La preuve n’est peut-être pas toujours la vérité, c’est le lot des lois ou des principes. C’est ainsi que la répétition d’une même observation dans des temps et des lieux différents servira de témoignage ou de signe pour en faire un principe. Du moins c’est ainsi lorsque la statistique se veut aussi rigoureuse que la science.
Donc, le problème avec le stéréotype et le préjugé, c’est qu’ils simplifient outrageusement la diversité bien réelle des individus. Je ne dis pas que quelques idiosyncrasies prises ici ou là chez quelques personnes (réelles ou déjà fictives) seront éliminées de l’élaboration de notre personnage ; je prétends seulement que, dans ce cas, il nous faut travailler davantage à étoffer ce personnage.

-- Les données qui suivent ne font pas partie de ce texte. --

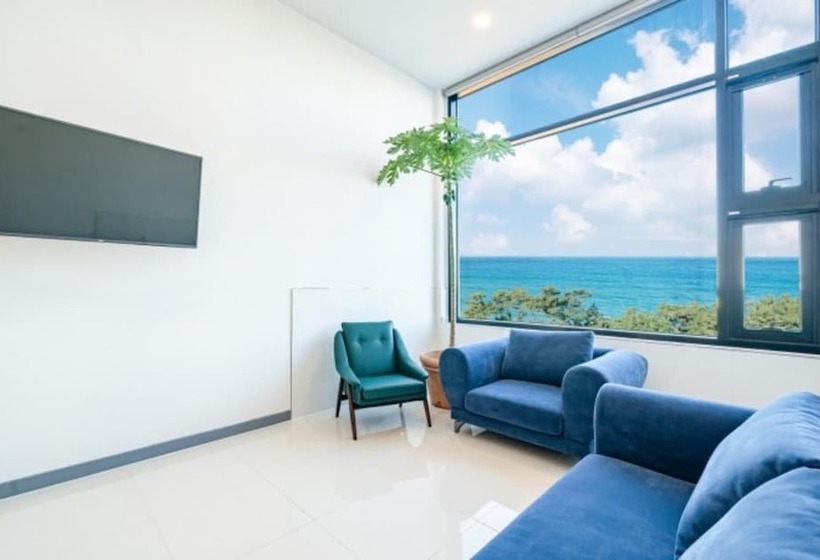 Gangneung Staybada Pension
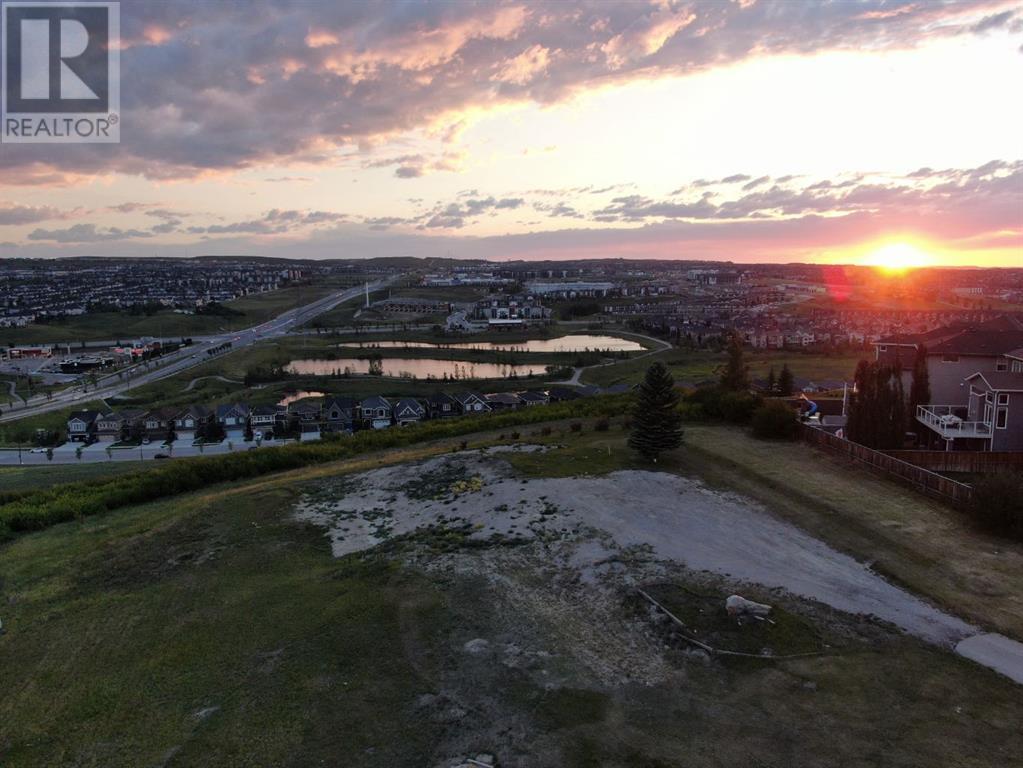180 EVANSVIEW Road NW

En effet, rien ne lui interdit de se fonder sur des idées culturelles ou sociales préconçues tant que nous allons au-delà. Emir Kusturica dans Le temps des gitans (1988) dépasse la culture rom (souvent associée à une opinion publique un peu trop hâtive) en tenant compte des dilemmes moraux, des liens familiaux et des aspirations de son personnage principal Pehran. Ingmar Bergman, quant à lui, dépeint dans Fanny et Alexandre (1982) une bourgeoisie du début du vingtième siècle. Cependant, il explore des thèmes reconnus et partagés comme le deuil, l’autorité et la spiritualité qui complexifient par leur substance même les conventions culturelles pour atteindre à des êtres psychologiquement riches.
Le refus du cliché
Quoi qu’on en pense, il y a une réalité humaine, c’est-à-dire des entités singulières, des êtres qui pensent, qui souffrent, qui aiment. Cela rend nos personnages forcément atrocement complexes. La diversité des expériences humaines qui forment notre conscience et notre mémoire ne peut se réduire à quelques traits un peu trop prévisibles : même un superhéros prend peur de temps à autre. Parce qu’il a des motivations, des conflits personnels (en soi et hors de soi, avec sa foi, avec les siens).
Le vécu fictif, bien qu’en tant que lecteur/spectateur, nous ne l’éprouverons jamais, permet néanmoins une reconnaissance : un être, même fictif, s’il souffre, nous pouvons reconnaître sa souffrance. Mais, dotez-le de préjugés, et pour reprendre l’exemple du retraité désœuvré, faire de notre personnage un individu devenu oisif et déprimé sous la figure du vieillard, et vous n’obtiendrez aucune compassion, aucune sympathie, voire empathie, avec votre personnage parce que, pour que nous comprenions par quoi il passe, c’est-à-dire que nous faisons plus que ressentir cet être, on le pense, on prend conscience qu’il a une conscience et qu’il nous renvoie le regard qu’on pose sur lui.
Donc, s’il y a bien quelque chose dont nous devons nous méfier, ce sont nos préjugés. Et sociaux, en particulier. On risque de marginaliser des communautés entières si nous figeons leur image dans des représentations restrictives. D’autant que cela ne refléterait nullement la vérité. Ne soyons pas injustes, car le monde, déjà, s’en charge.